*Assigned task*. Once you reach the line that holds "12226 HANNAH Lane, Carleton, MI" in the listing below, output it and every line after it through the line that holds "Apartment Dinbnb L", word for word.

*Material to process*.
********************

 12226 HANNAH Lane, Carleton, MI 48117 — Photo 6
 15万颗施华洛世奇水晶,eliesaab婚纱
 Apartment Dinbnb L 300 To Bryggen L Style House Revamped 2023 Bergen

********************

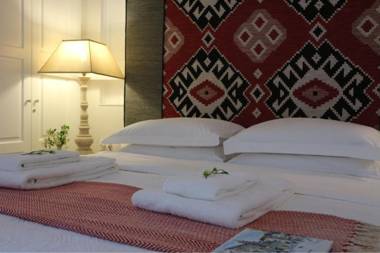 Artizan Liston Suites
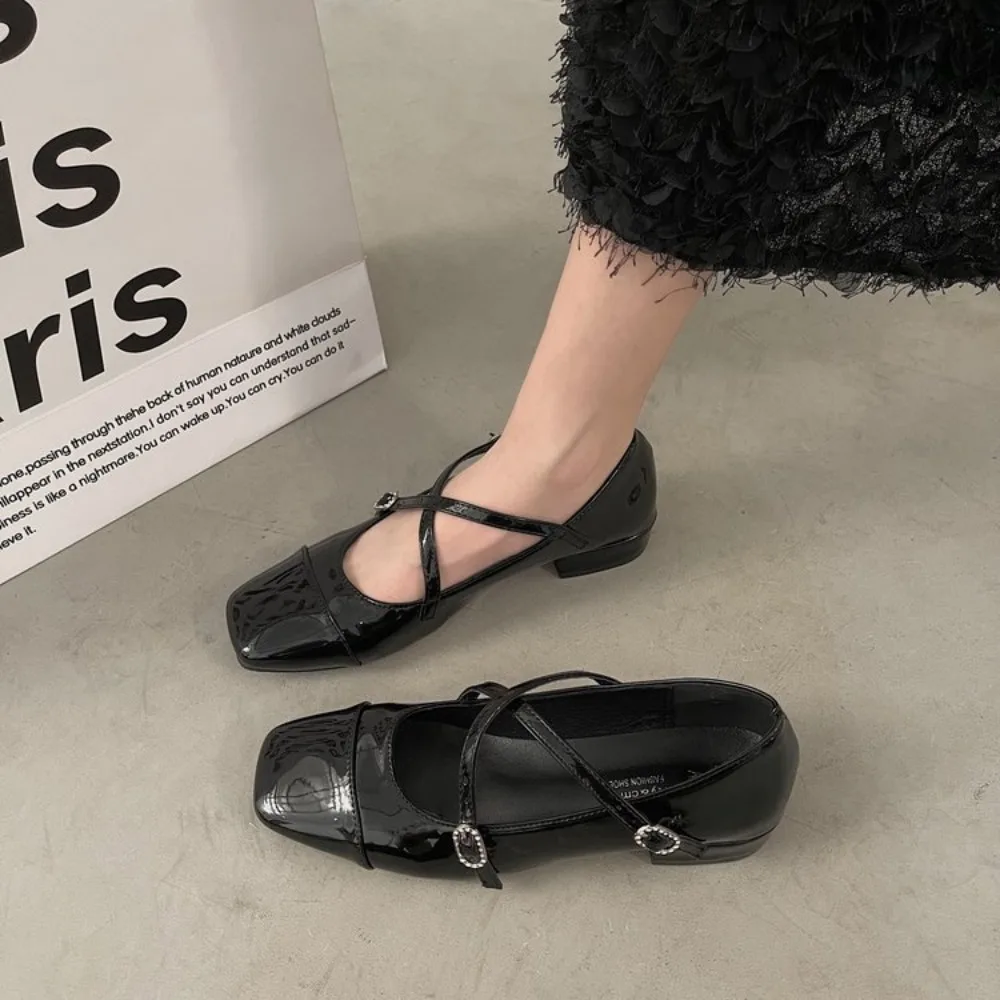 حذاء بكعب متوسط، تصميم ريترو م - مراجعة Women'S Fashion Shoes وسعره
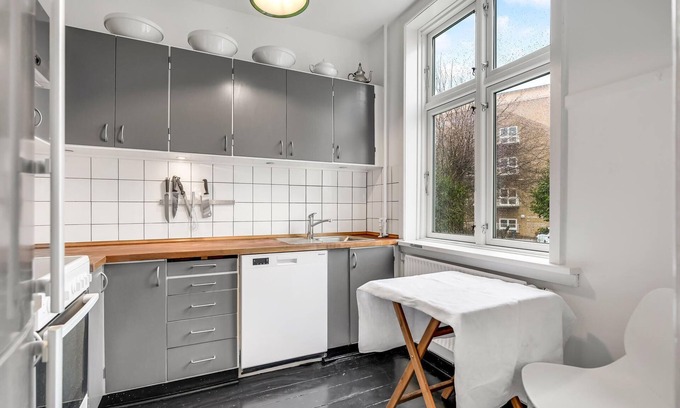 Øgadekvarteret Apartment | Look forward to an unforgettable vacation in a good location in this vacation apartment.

********************

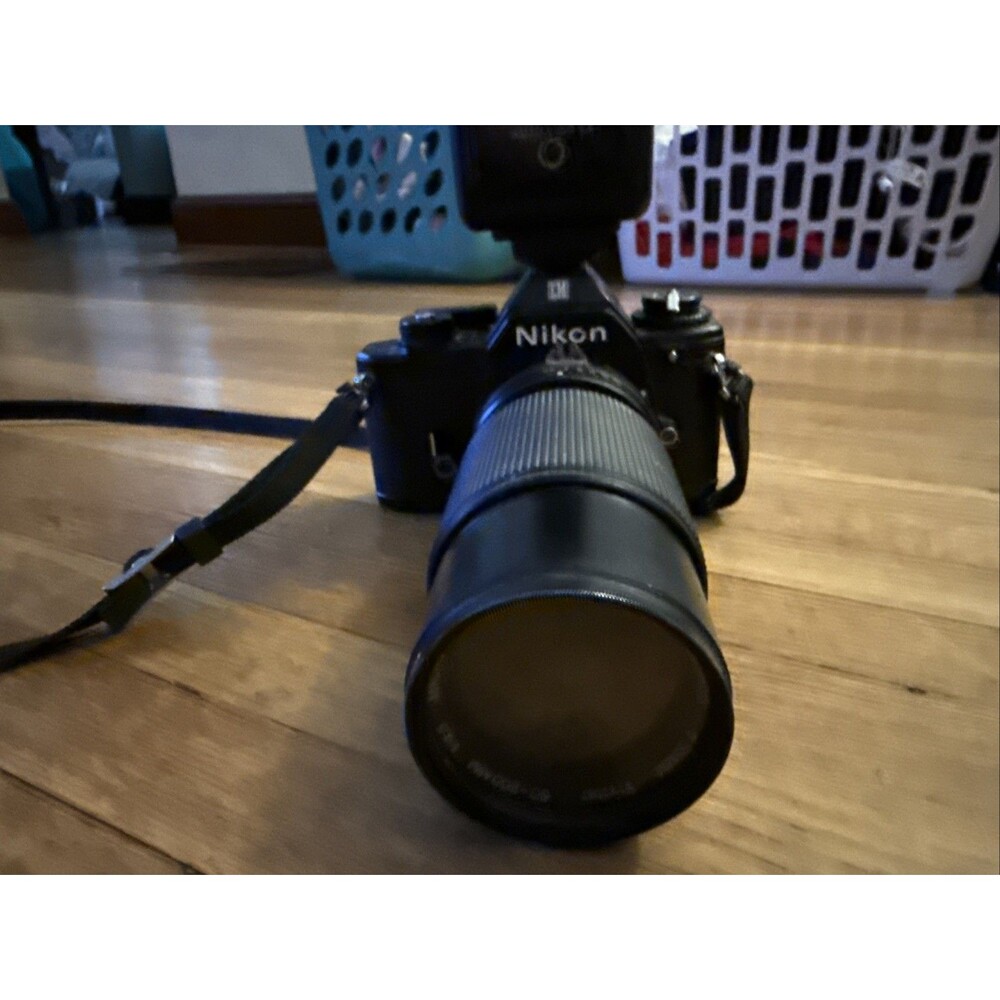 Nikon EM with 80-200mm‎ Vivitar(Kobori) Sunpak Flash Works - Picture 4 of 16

********************

*Response to the exercise*.
 12226 HANNAH Lane, Carleton, MI 48117 — Photo 6
 15万颗施华洛世奇水晶,eliesaab婚纱
 Apartment Dinbnb L 300 To Bryggen L Style House Revamped 2023 Bergen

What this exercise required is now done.